Use repository structure as evidence, apply the constraint "small reversible changes", and explicitly note how the plan reduces hallucinated APIs. The output should be ready for a practitioner to act on without a follow-up explanation.

Metric contract

Define the metric grain before analysis. For a Codex-powered triage and implementation workflow for a TypeScript monorepo, the first dashboard view should show cohort, denominator, time window, and confidence note, not just top-line movement.

Data sources

Rank sources by authority before retrieval. Chunk around task intent rather than page boundaries, and require every answer to cite the exact source segment used for CI logs.

Analysis method

Define the metric grain before analysis. For a Codex-powered triage and implementation workflow for a TypeScript monorepo, the first dashboard view should show cohort, denominator, time window, and confidence note, not just top-line movement.

Dashboard layout

Define the metric grain before analysis. For a Codex-powered triage and implementation workflow for a TypeScript monorepo, the first dashboard view should show cohort, denominator, time window, and confidence note, not just top-line movement.

Decision memo

Use pull request history as evidence, apply the constraint "clear ownership boundaries", and explicitly note how the plan reduces weak tests. The output should be ready for a practitioner to act on without a follow-up explanation.

Recommended Decision

Proceed with a narrow pilot focused on repository structure and pull request history. Treat hallucinated APIs as the primary launch blocker.
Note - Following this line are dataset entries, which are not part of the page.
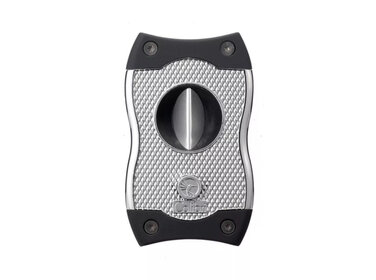 Colibri  Zigarrenschneider SV-Cut Silber/Schwarz V-Cut 23/gerade 27 mm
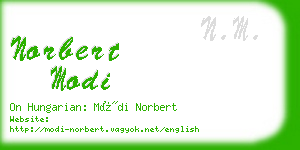 norbert modi business card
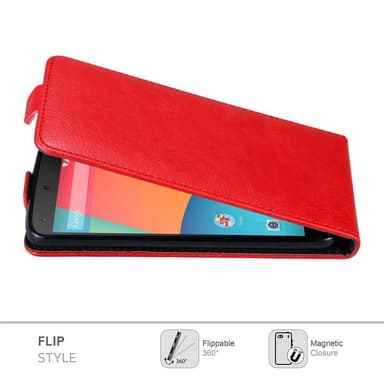 LG Google NEXUS 5 Pungetui Flip Cover (Rød)
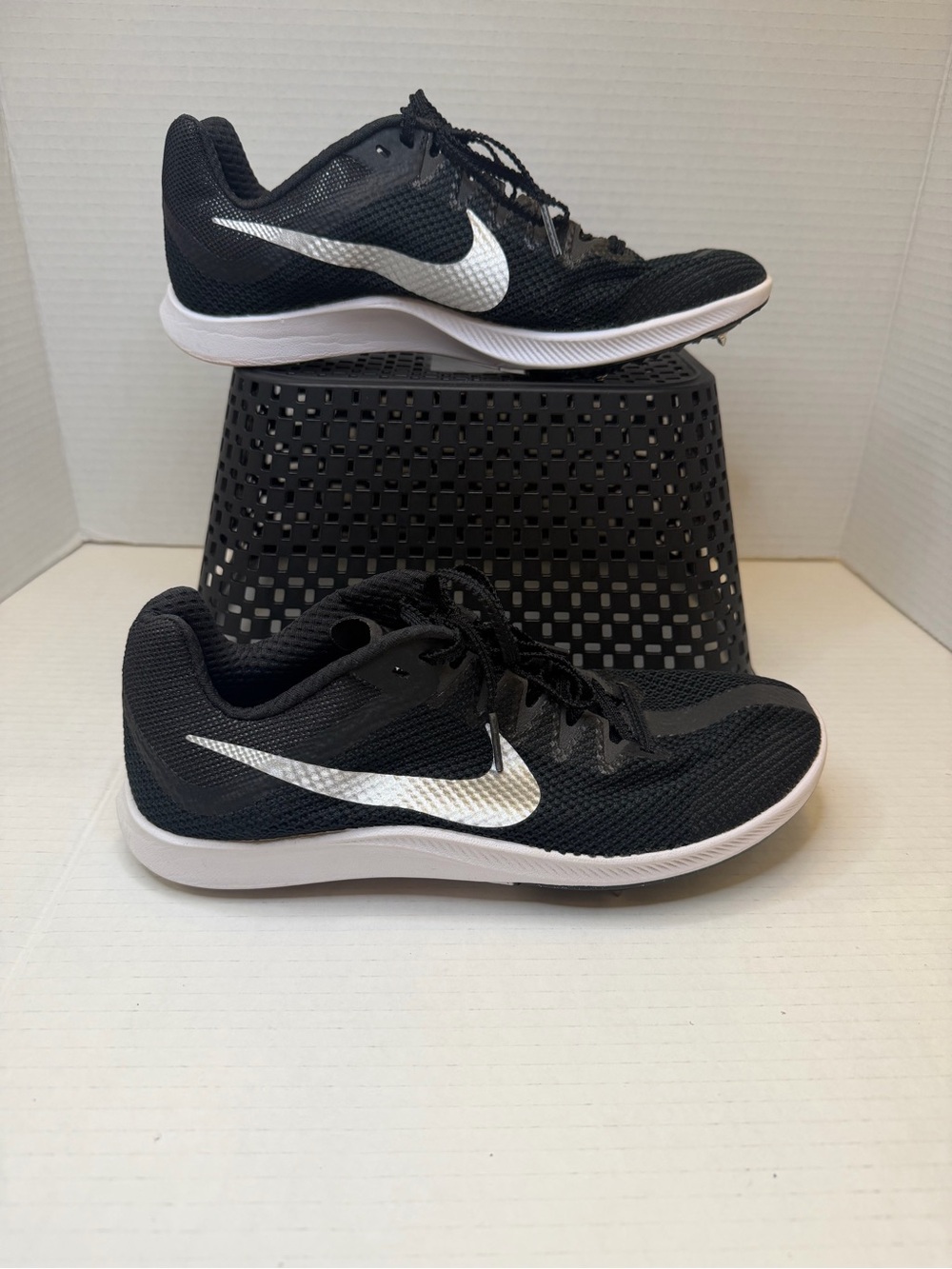 Nike Rival Distance Track & Field Spikes Mens Cleats Sz 7 Black EUC DC8725-001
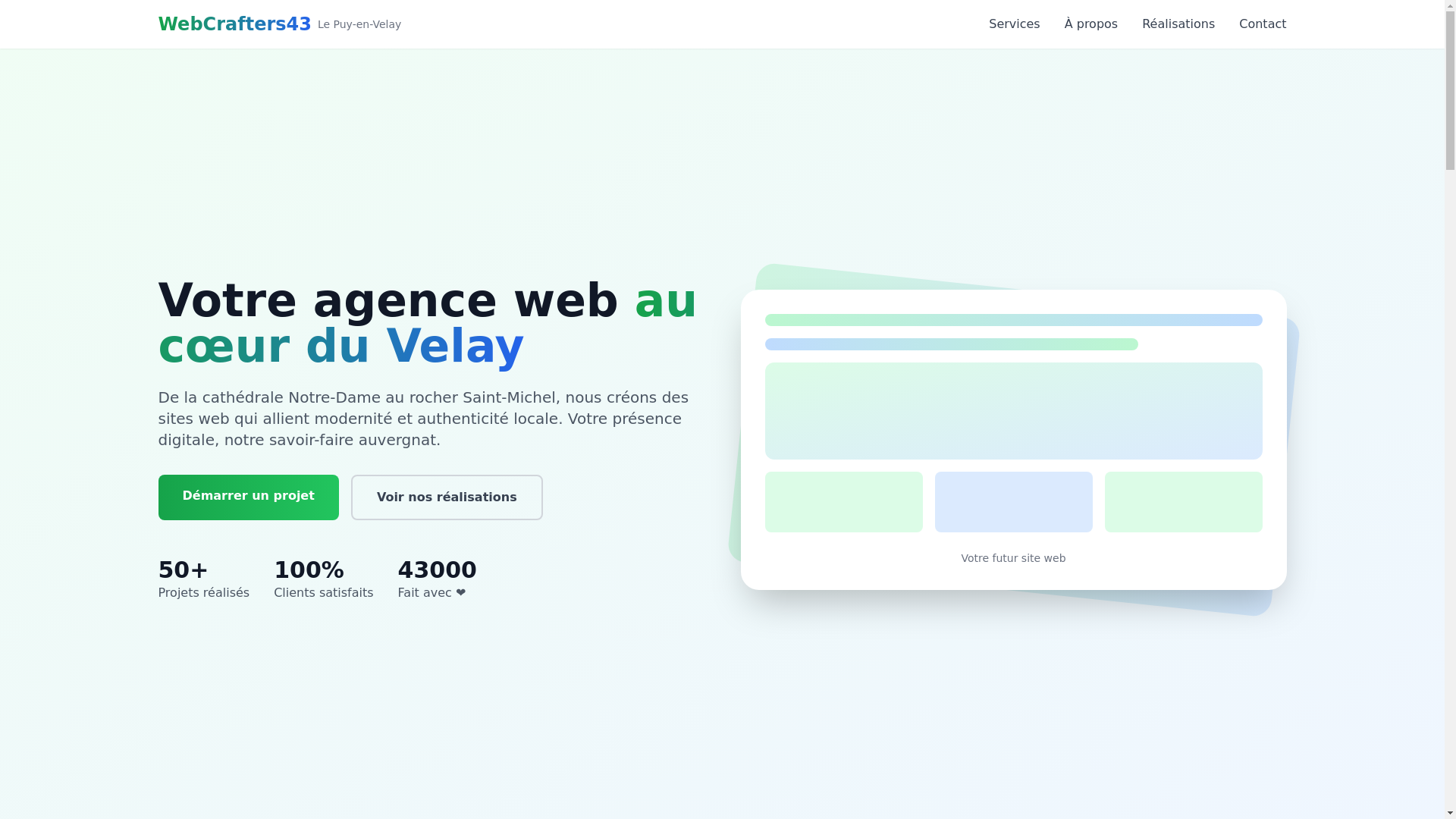 website screenshot of https://velay-web.fr/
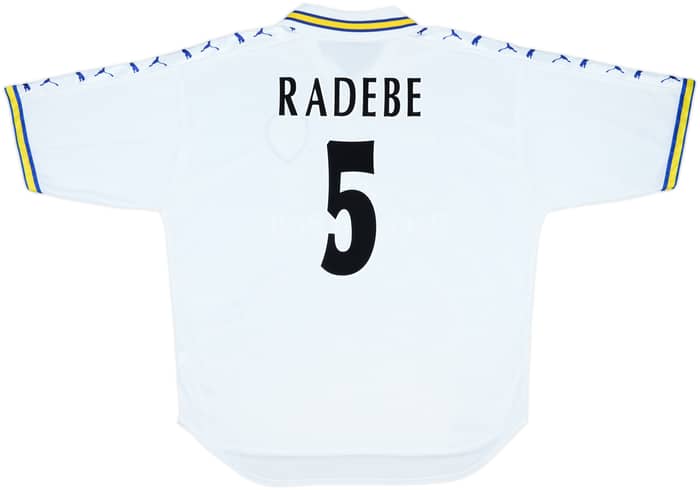 1998-00 Leeds United Home Shirt Radebe #5 - 10/10 - (XL)
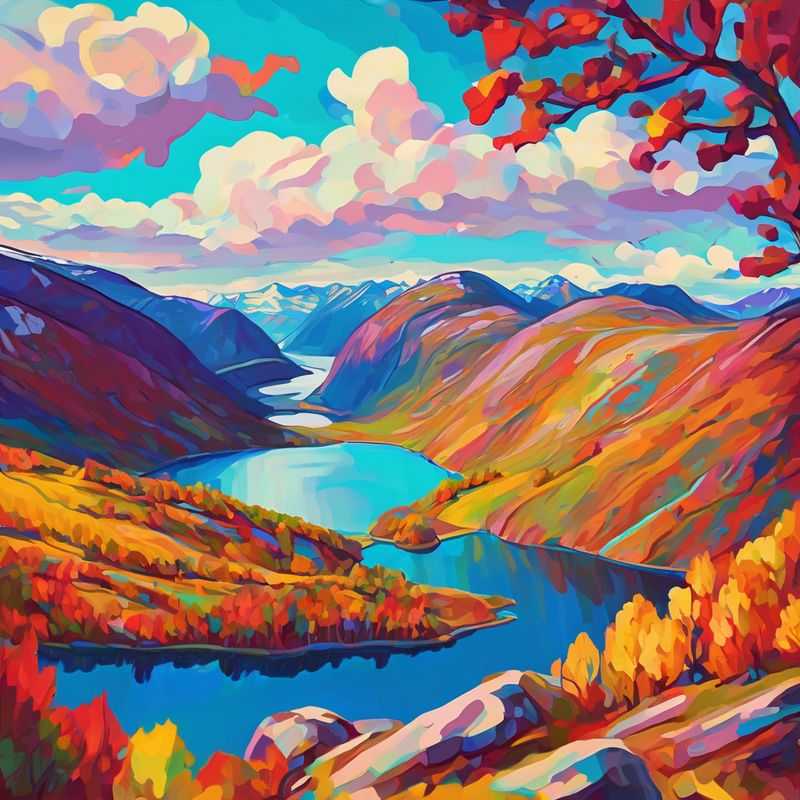 The dramatic, knife-edge Besseggen Ridge in Norway, a challenging yet rewarding hike with breathtaking views over emerald and sapphire lakes, hinting at the wild landscapes awaiting exploration in this region.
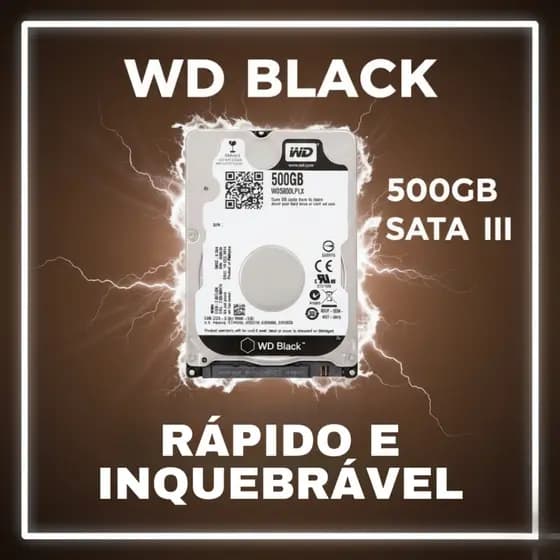 HD Notebook 320GB SATA 2.5" Disco Rígido Testado Compatível Diversos Modelos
The first milestone should prove that the workflow produces a usable implementation plan, eval rubric, and release checklist with clear evidence, named owners, and a review path for ambiguous cases.

Expected quality checks

  • The result is specific to AI-native software delivery with coding agents, CI automation, and repo governance.
  • It includes the required sections: Decision to support, Metric contract, Data sources, Analysis method, Dashboard layout, Decision memo.
  • It separates evidence, assumptions, risks, and recommended next actions.
  • It includes practical verification steps, not only generic advice.
  • It names the most important failure mode for this domain: hallucinated APIs.

Reuse note

Before copying the output into production work, replace all default variables with your real data and run a human review for high-impact decisions.

README

README.md

Agentic Engineering: Data Product Brief

Use this prompt when you need metric contract, analysis plan, dashboard outline, and decision narrative for AI-native software delivery with coding agents, CI automation, and repo governance.

Best for

  • staff engineers, engineering managers, platform teams
  • Teams that already have partial context but need a sharper, reusable artifact
  • AI workflows where the output must be auditable, editable, and easy to hand off

How to use

  1. Replace the variables in the prompt with your real project context.
  2. Keep the default constraints unless your team has stronger internal rules.
  3. Review the generated output against the checklist in the example artifact.

Design notes

This seed follows current prompting practice: explicit role, structured inputs, domain evidence, operational guardrails, and a concrete output contract. It is written in English for international PromptHub users.